The immunology of hepatitis B and C also is being explored with the same tools that are used in HIV. From the HIV perspective, there is clear acceptance of hepatitis B and C as an opportunistic infection that needs to be taken seriously and studied in an organized, large-scale fashion. As a traveler in both camps, i.e. a card-carrying member of the International AIDS Society both USA and internationally, the Infectious Disease Society of America and the American Association for the Study of Liver Diseases, I am delighted at these developments and even more delighted to tell you about them.
In alphabetical order, letís start with hepatitis B. There are only three abstracts that concern hepatitis B and HIV, but two are landmark studies, albeit small. The University of Miami has reported on 4 liver transplants performed in HIV+ patients all with hepatitis B. It is early to draw any conclusions this point, but the first two patients are at 13 months and 3 months out and are doing well. All patients were required to have at least 500 CD4 cells and have HIV <400 copies. In addition to those 4, there are reports that four have been done in Pittsburgh, 2 in San Francisco and 1 in New York. These are carefully selected patients in the beginning, almost guaranteed to do well. Living related donor transplants probably have a role in HIV patients as well.
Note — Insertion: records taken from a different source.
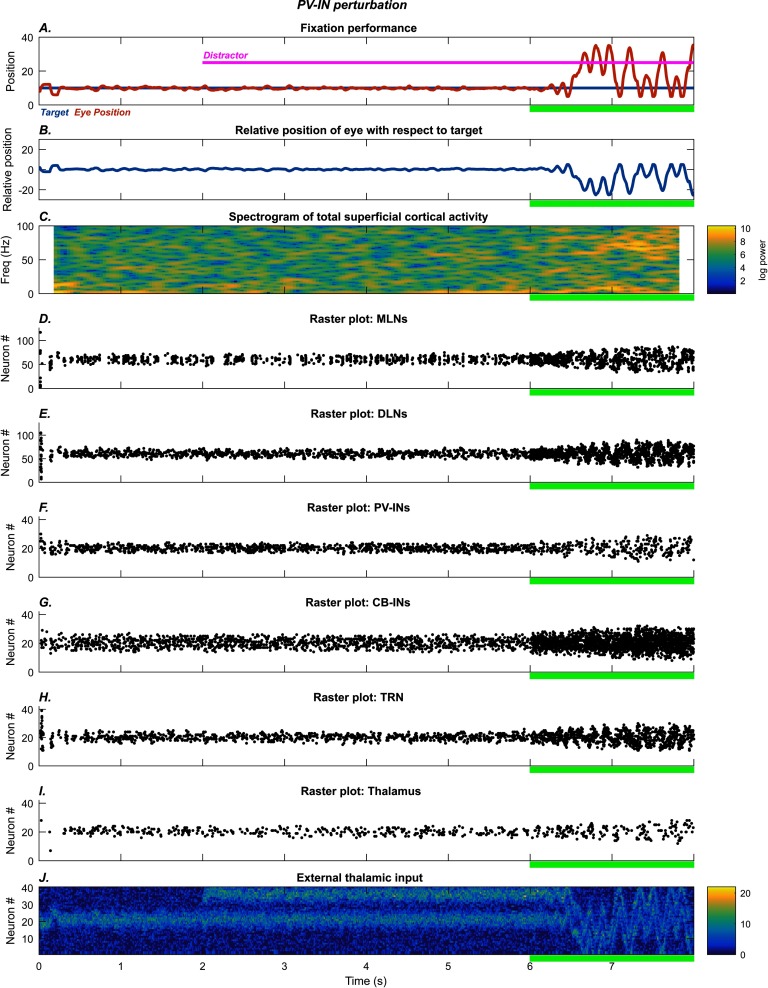 Visual Attention Deficits in Schizophrenia Can Arise From Inhibitory Dysfunction in Thalamus or Cortex.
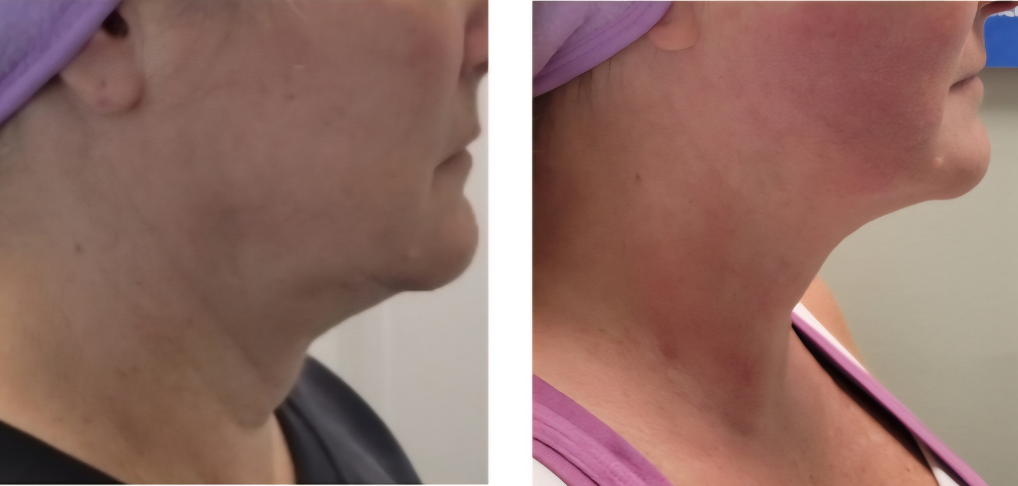 DualHi+ Hifu collagen building and lifting for months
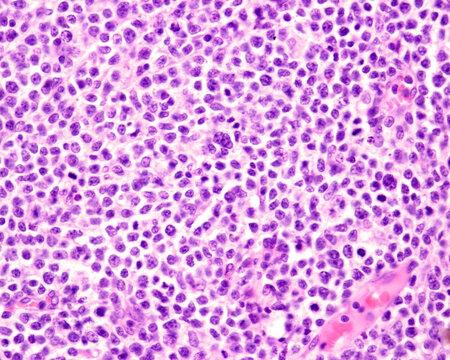 Human lymph node. Hodgkin lymphoma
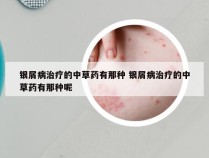 银屑病治疗的中草药有那种 银屑病治疗的中草药有那种呢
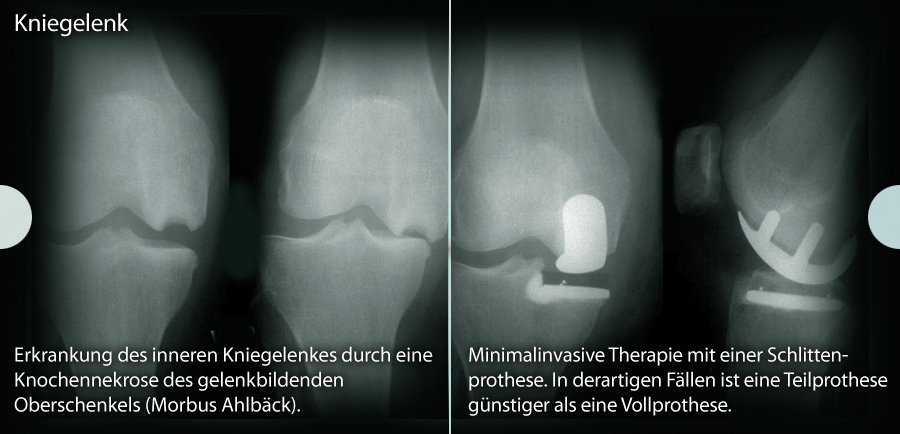 Beratung und Therapie zum Thema Bei fortgeschrittenem Gelenkverschleiß von... Gelenkprothese Gelenkprothese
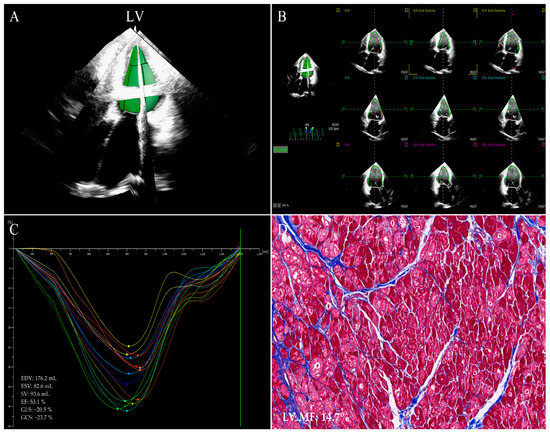 Viability Assessment With Global Left Ventricular Longitudinal Strain  Predicts Recovery of Left Ventricular Function After Acute Myocardial  Infarction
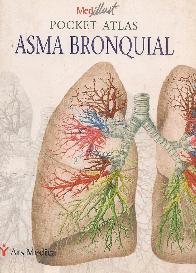 Asma Bronquial Pocket Atlas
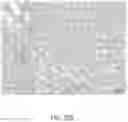 Fig. 25 - Catheter and Method for Inducing Negative Pressure in a Patient's Bladder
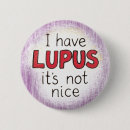 Buscar cuchara chapas Para ella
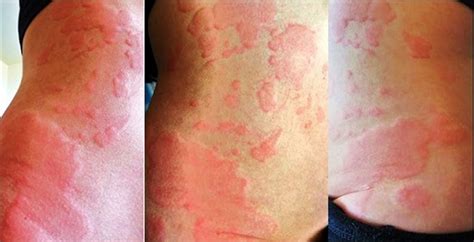 chronic urticaria chronic idiopathic urticaria  treatment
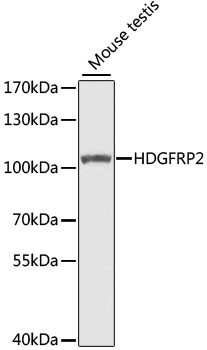 HDGFRP2 Antibody in Western Blot (WB)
That is an operation that takes the right lobe (usually) of the donor (usually a blood relative) and transplants it into the recipient. This procedure is still new and requires a recipient who is not too ill. It also carries some risk of dying for the donor (<1%). The other abstract that is hopeful is Benhamouís report of adefovir treatment of 30 HIV infected patients who had lamivudine (3TC) resistant hepatitis B. He reported on the 10 mg dose of adefovir which is the hepatitis B dose and his patients had a mean 3 log drop in HBV DNA in 12 weeks.
That is also a short term report, but encouraging nonetheless for people who have resistant HBV. The only small piece of bad news, was a British abstract that noted that during immune reconstitution, 2 patients had seroconversion reactions from Hepatitis B e Antigen to Antibody and that was accompanied by a flare of clinical hepatitis, but a resolution of the hepatitis B. The other 2 patients had a reactivation of hepatitis B when coming off HIV medication.
As for hepatitis C, there was more information. Two presentations commented on the natural history of hepatitis C. The first was from Paris and dealt with cirrhosis. They looked at about 300 cirrhotics about 50 of whom had HIV for a mean time of 28 months (1 month to 13 years). Overall, the HIV+ patients were more likely to be younger, have a history of IV drug use and to drink more than 5 drinks per day. (That is the French definition of excess alcohol). Mean CD4 was 324 and 28% had CD4's <200 copies. (100% were receiving antiretroviral therapy). The death rate at 3 years was 47% in the HIV+ group and 13% in the HIV negative group, which was significant. The risk factors for early death were HIV, 3.4 times, alcohol 2.3 times and age >40 years at biopsy. This demonstrates even in people with end stage liver disease, that HIV has a serious effect on the outcome of hepatitis C.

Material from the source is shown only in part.